その間も姫和はリュウに対し矢鱈と警戒し、当のリュウは特に構えもしない。そんな姫和に舞衣は近付く。
「十条さん」
姫和はリュウを警戒しつつも声をかけた舞衣へと意識を切り替える。
「可奈美ちゃんを宜しくお願いします」
「…私は自分のなすべき事を果たすだけだ」
頭を下げた舞衣に対し素っ気なく返す姫和、そのままリュウを警戒しながら先へと進む。
可奈美も姫和の後を追おうとして一度立ち止まり舞衣へ振り返る、舞衣が微笑み手を振ると可奈美は安心したのか嬉しそうに顔を綻ばせる。
「あの、ありがとうございました」
そして途中リュウに対し礼を言い、改めて姫和の後を追う。
「可奈美ちゃん……。

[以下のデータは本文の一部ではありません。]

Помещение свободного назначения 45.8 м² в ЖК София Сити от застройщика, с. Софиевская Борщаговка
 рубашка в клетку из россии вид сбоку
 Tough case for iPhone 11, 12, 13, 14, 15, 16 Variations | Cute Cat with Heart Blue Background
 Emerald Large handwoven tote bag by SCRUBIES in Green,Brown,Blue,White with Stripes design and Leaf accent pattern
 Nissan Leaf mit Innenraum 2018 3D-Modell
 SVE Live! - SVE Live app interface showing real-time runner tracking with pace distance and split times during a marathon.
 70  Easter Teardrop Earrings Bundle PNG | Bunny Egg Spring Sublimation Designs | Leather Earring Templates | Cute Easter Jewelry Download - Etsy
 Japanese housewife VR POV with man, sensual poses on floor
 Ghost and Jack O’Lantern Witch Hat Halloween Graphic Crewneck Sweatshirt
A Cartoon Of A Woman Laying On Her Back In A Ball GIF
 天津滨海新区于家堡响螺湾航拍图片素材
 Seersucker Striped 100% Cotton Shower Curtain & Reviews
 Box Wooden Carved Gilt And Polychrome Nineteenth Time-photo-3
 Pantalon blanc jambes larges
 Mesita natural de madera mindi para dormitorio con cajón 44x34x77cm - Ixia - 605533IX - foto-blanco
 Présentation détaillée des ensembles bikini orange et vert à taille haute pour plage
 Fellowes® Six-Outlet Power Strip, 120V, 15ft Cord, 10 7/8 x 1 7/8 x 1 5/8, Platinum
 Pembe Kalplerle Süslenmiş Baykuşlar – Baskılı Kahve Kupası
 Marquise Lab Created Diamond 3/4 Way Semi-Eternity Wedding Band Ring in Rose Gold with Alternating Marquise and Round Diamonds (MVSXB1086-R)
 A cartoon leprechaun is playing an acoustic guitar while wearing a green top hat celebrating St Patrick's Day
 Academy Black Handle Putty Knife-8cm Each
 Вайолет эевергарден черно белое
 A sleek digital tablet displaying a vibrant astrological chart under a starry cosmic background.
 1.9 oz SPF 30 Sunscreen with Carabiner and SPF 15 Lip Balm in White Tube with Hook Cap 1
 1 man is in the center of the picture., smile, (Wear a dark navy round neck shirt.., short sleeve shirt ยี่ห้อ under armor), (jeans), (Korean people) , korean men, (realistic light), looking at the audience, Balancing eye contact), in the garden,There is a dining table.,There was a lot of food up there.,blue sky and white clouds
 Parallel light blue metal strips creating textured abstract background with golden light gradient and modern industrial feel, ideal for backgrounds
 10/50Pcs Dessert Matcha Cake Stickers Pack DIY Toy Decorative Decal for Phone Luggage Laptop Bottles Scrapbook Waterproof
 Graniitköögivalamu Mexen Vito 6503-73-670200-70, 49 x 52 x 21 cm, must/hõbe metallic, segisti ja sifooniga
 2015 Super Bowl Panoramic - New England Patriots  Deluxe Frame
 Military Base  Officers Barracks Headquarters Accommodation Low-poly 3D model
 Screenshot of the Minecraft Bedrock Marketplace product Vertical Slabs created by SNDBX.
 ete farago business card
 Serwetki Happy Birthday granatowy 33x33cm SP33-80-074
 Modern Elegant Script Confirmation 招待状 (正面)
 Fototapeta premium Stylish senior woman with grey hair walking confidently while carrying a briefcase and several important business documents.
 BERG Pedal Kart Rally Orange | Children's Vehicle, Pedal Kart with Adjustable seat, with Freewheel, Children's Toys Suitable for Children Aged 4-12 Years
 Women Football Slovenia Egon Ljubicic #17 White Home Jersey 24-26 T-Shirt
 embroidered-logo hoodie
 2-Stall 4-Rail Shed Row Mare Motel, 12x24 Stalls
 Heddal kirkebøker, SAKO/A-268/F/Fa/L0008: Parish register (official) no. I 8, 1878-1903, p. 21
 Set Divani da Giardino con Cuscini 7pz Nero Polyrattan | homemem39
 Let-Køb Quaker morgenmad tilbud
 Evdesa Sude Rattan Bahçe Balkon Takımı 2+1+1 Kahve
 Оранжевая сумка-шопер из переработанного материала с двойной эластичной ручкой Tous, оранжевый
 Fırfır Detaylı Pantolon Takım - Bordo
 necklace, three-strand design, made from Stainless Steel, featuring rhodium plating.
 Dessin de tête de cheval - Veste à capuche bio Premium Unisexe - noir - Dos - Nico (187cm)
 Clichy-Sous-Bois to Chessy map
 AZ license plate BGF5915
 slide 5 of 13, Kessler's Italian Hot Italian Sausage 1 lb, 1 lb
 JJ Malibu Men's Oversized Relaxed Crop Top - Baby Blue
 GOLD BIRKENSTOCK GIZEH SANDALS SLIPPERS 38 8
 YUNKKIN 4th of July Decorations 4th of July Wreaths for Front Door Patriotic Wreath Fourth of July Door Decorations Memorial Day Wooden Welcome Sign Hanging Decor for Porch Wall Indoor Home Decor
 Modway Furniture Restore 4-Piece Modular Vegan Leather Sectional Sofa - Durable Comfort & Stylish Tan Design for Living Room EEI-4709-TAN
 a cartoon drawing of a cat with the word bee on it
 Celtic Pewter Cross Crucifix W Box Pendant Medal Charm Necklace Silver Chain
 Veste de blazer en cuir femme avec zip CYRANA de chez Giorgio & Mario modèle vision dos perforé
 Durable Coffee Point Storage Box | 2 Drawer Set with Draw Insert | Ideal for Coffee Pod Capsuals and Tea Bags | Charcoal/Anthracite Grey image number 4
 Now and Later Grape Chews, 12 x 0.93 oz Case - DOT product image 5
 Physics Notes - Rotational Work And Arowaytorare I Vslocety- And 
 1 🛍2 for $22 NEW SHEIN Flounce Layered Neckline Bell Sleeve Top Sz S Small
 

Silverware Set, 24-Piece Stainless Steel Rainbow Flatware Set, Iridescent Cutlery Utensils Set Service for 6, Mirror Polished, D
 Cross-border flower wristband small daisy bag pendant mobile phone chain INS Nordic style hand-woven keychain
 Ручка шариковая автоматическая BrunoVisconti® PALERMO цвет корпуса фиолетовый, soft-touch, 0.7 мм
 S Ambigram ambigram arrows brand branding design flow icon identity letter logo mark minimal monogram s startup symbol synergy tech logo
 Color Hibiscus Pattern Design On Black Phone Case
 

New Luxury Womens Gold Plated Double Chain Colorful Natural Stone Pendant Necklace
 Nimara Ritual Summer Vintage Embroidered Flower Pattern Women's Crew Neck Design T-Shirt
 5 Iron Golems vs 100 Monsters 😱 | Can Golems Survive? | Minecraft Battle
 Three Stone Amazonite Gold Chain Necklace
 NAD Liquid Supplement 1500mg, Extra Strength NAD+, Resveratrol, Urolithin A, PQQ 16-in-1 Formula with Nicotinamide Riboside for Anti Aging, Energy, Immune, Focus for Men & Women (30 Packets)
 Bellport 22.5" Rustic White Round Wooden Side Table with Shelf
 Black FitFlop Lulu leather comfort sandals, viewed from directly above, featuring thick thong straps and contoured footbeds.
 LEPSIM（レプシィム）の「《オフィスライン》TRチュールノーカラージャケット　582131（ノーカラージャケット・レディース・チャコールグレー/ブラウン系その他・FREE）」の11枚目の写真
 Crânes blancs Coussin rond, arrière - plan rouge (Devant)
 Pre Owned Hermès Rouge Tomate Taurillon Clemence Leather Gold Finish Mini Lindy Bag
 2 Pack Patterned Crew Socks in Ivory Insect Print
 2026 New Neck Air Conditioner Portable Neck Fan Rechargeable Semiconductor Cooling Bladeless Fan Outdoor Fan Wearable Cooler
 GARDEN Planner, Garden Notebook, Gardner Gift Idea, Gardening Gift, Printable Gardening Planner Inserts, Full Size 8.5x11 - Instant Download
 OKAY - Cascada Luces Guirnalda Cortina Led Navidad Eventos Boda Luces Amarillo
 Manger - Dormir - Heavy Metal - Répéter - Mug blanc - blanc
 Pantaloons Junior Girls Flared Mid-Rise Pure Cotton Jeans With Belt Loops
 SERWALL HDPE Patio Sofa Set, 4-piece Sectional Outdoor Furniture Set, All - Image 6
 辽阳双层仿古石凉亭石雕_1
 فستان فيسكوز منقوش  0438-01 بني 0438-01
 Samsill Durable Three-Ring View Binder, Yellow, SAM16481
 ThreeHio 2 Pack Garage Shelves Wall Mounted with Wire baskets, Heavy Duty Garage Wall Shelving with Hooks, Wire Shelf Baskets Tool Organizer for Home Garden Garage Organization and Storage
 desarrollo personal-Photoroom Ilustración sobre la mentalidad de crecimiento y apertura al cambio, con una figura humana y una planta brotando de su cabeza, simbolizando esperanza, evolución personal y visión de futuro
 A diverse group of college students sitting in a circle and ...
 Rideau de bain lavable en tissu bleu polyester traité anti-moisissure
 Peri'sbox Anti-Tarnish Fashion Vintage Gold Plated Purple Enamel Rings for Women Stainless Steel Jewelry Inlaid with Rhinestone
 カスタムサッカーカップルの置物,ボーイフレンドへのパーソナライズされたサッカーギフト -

──貴方には聴きたい事があります。出来れば大人しく…って、え?」
舞衣が二人を見えなくなるまで見送った後、リュウに事情を訪ねようと顔を向けるも既にそこにリュウは居なかった。
「…うぅ…ぐす、美味しいよ…舞衣ちゃん…」
現場から離れ、クッキーを泣きながら食べる可奈美。
姫和の視線に包みを差し出す。
「姫和ちゃんもたべる?」
「いい。それはお前が食べろ」
泣きべそを描きながら言う可奈美に姫和は何とも言い難い表情で断る。
「あれ…、これなんだろ?」
その時、可奈美はクッキーの包みに入った折り畳まれていたメモの存在に気付く。
メモに書かれていた事とは?
続く
次回予告(BGM:輝け!ダグオン)
十条姫和だ。私達が荒魂と戦い、ダグオンとか言う謎の不振人物と邂逅していた頃、別の場所でも荒魂が暴れていた。
何だヤツは!?生身で荒魂に向かっていくぞ!!?
次回、"刀使ノ指令ダグオン"
もう1つの戦い!再会のダグオン。
次回も……ってなんだこれは!?
はい、第十四話でした。
ひよよんが遭遇したのがリュウであったのが幸運なのか不運なのか……。
そろそろ新しい宇宙人を地球に降ろさなくてはいけないし、胎動編はまだまだ序盤だし、色々頭を捻っています。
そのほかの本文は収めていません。